For Bethany Pope, coordinator in the Support of Undergraduate Research and Creative Endeavors (SOURCE) office and a self-described “people person,” the past year has been challenging.
Used to managing student employees and working closely with students to help them find research opportunities, showcase their work and develop their skills, Pope is accustomed to being around others. So when the COVID-19 pandemic made that impossible, she was forced to adapt.
Pope thrives with in-person programming—such as the lunch-and-learn sessions she usually plans for undergraduate students who conduct research on campus over the summers—but her primary focus is celebrating the accomplishments of students, and helping ensure they have a venue to show off their work. In their accomplishments, Pope says she finds joy.
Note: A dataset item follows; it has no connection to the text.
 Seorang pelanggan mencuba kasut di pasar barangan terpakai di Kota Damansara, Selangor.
The Intersections event is one such example. When the pandemic hit, SOURCE was about one month out from its spring event, which serves as an opportunity for undergraduate students to present their research to the community. Faced with restrictions for in-person events, Pope was a major contributor in helping reimagine the event in a virtual format, responding with flexibility to learn the ins and outs of Zoom—and teach it to student presenters—and how to use discussion boards for the event.
“It’s good to see colleagues rise to these occasions,” said Sheila Pedigo, Pope’s supervisor and director of SOURCE.
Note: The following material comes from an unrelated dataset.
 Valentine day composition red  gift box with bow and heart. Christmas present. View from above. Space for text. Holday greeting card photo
Since the first virtual Intersections event in April 2020, the office has hosted two more and has another coming up May 6–7.
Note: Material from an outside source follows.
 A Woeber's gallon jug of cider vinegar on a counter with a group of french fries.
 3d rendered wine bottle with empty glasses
“I really get to participate in the accomplishments of the students, the joys that they have in those accomplishments and I get to celebrate,” Pope said. “That also is a privilege in a lot of the work I’ve done at the university. There’s just that joy in seeing people reach their goals, joy of seeing them accomplish something large.”
Additionally, Pope is tasked with ensuring students in SOURCE’s research programs receive their stipends, tracking down all of the necessary information and processing it. Backed by nearly 25 years of experience at CWRU, she has formed relationships with individuals across campus to make such efforts possible.
Prior to beginning with SOURCE in 2005, Pope held roles at the Allen Memorial Medical Library, School of Graduate Studies and Department of Biology. And during that time, she has been committed to growing professionally and contributing positively to the university community.
Pope is a 2017 graduate of the Train the Champion diversity program, has served as a coordinator for the African American Campus Community Resource Group, is a Diversity 360 facilitator and earned her Certificate of Achievement in Financial Management through the CWRU Administrative Professional Series—which has proven helpful in her experience processing students’ stipends.
In recounting her time at the university, one moment stands out as one of the most rewarding: A former graduate student approaching her years later explaining how instrumental she was in ensuring his future success.
“Sometimes you don’t really think that your actions are going to have that great of an impact and so when you do see that, that’s just immeasurable joy,” she said.
The university is grateful to Pope for her efforts supporting students over the years, and especially during what’s been a challenging year.